À la Société des Explorateurs, nous sommes tous animés par un même esprit d’aventure, de découverte et de transmission. Je suis très attaché à partager, à raconter et à sensibiliser. Je ne suis pas un scientifique ou un spécialiste de l’environnement, mais je me place en qualité de témoin pour faire le lien entre la communauté scientifique et le grand public. Je collabore actuellement à plusieurs projets pédagogiques et de sensibilisation au dérèglement climatique.



"Quand on se retrouve seul face à cette nature et tout ce qu’elle a de plus extrême, on est assailli d’un sentiment de petitesse et de vulnérabilité"

J'imagine que dans chaque expédition, il faut braver le danger, voire la mort... Comment gérez-vous ça ? Arrivez-vous à prendre du plaisir au quotidien malgré tout ?

Contrairement à ce que l’on pourrait penser, je ne suis pas une tête brûlée. J’aime trop la vie pour m’en remettre à la chance ou hasard. J’ai fait mes classes en Arctique en m’entourant des meilleurs guides polaires pour apprendre à survivre dans ces environnements hostiles. Tout n’a été que cheminement, apprentissage et progression. Je crois que nous ne sommes pas égaux face à l’acceptation du risque et que cette dernière évolue en fonction de l’expérience.
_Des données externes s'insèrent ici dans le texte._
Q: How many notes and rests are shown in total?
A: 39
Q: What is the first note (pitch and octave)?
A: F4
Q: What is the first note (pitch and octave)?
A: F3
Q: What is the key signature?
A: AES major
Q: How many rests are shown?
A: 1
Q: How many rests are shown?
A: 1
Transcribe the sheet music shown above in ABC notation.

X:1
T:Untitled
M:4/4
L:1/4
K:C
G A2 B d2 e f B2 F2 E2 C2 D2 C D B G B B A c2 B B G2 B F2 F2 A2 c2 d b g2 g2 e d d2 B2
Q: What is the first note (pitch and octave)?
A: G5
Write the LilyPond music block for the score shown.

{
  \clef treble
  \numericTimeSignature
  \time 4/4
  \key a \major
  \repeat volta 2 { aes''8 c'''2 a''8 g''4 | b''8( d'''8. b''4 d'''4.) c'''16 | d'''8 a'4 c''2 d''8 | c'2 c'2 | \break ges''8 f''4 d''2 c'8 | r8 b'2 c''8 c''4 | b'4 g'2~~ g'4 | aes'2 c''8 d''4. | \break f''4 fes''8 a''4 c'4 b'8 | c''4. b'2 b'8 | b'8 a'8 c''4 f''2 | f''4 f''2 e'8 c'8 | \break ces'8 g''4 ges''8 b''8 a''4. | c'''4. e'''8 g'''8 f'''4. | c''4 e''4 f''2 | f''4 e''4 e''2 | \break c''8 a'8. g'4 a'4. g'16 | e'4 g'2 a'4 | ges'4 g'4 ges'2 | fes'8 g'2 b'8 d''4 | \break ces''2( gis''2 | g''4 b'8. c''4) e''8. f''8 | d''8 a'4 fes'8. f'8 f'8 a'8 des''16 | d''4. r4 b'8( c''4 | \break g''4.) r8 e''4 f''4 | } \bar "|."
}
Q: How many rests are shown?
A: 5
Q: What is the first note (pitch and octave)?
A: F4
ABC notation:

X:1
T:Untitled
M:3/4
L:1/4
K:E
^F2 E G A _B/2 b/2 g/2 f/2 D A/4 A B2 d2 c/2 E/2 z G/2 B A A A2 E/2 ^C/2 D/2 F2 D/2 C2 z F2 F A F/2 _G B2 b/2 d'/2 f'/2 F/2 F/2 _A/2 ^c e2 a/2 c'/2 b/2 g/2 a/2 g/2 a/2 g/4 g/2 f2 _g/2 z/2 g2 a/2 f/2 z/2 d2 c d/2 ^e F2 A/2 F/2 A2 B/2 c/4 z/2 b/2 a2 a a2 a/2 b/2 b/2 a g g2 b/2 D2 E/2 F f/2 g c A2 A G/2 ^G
Mes aventures ne répondent d’aucune fuite. J’aime autant le départ en expédition, que le retour à la maison. Préparer et mitiger les risques en amont est indispensable, mais il faut aussi accepter de ne pas pouvoir tout contrôler. Paul-Émile Victor avait une belle formule à ce sujet : « Dans l’aventure, rien ne doit être laissé à l’imprévu mais tout est imprévisible. »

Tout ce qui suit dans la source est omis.